RECORDS FOR PROCESSING ->
──────────────────────────────

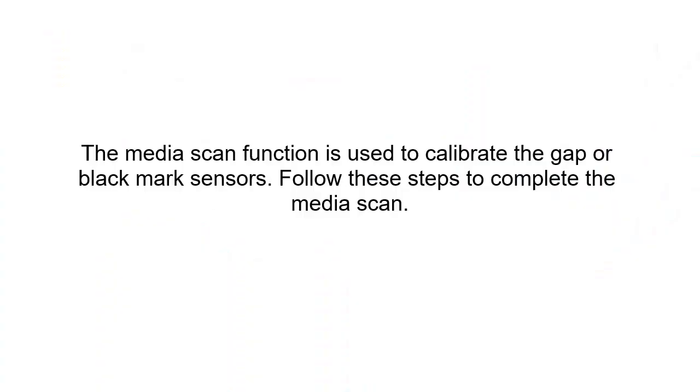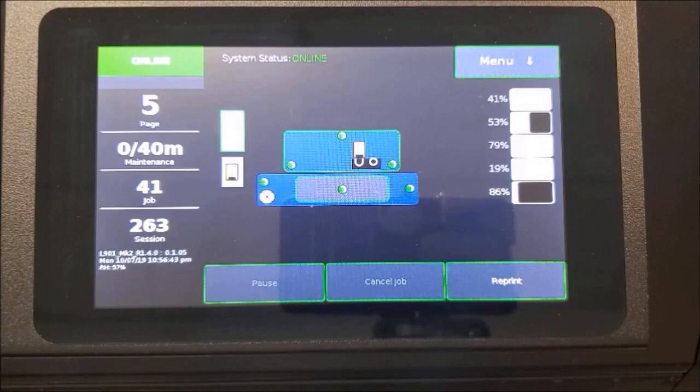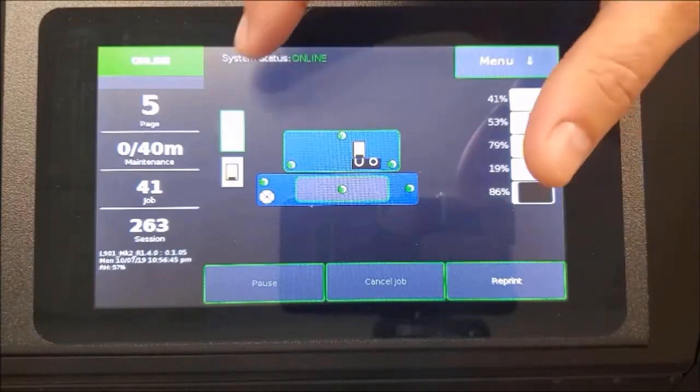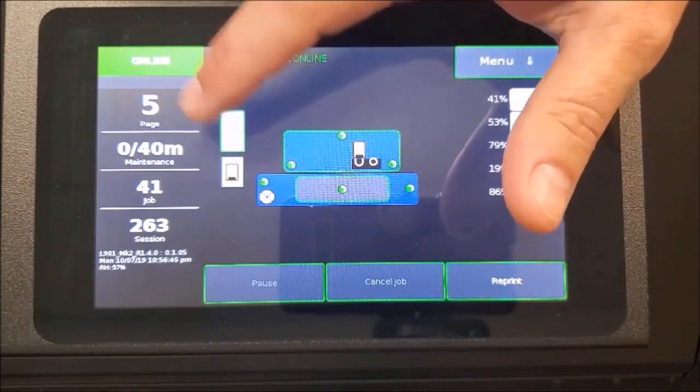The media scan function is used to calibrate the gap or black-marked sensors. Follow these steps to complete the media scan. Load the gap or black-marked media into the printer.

──────────────────────────────

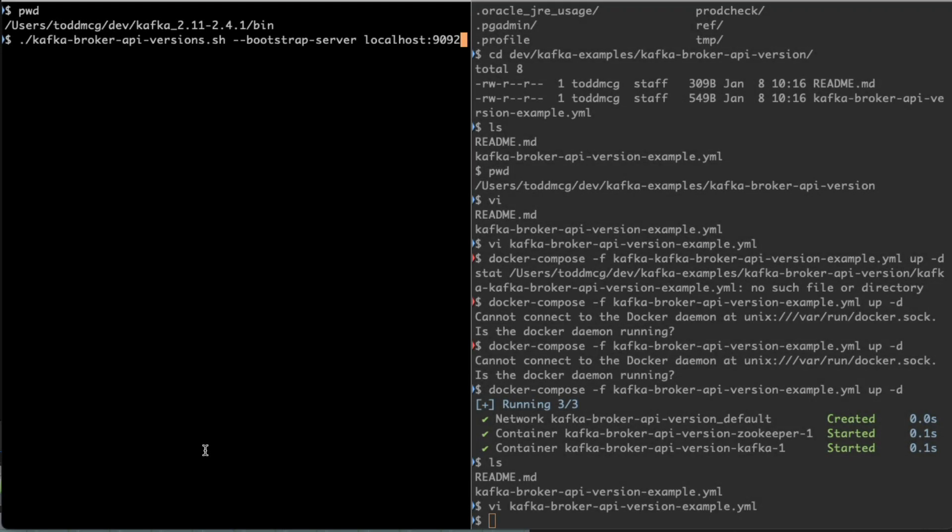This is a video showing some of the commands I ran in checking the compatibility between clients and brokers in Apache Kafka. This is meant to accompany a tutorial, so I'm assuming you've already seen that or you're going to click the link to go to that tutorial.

──────────────────────────────

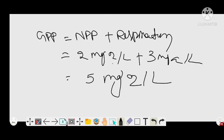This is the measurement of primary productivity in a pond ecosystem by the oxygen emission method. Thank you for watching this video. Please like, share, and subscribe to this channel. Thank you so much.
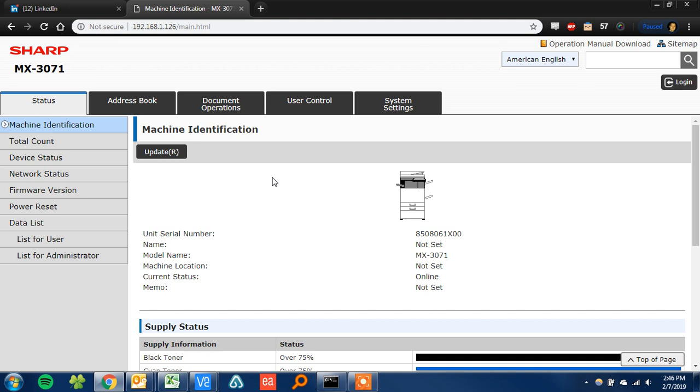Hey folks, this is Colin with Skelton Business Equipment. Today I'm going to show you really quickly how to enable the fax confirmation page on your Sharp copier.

──────────────────────────────

YOUR GOAL -> Leave out every picture, and copy exactly the lines above starting at the one holding "This is the" and ending at the one holding "Hey folks, this", no more and no less.

EXPECTED ANSWER ->
This is the measurement of primary productivity in a pond ecosystem by the oxygen emission method. Thank you for watching this video. Please like, share, and subscribe to this channel. Thank you so much.
Hey folks, this is Colin with Skelton Business Equipment. Today I'm going to show you really quickly how to enable the fax confirmation page on your Sharp copier.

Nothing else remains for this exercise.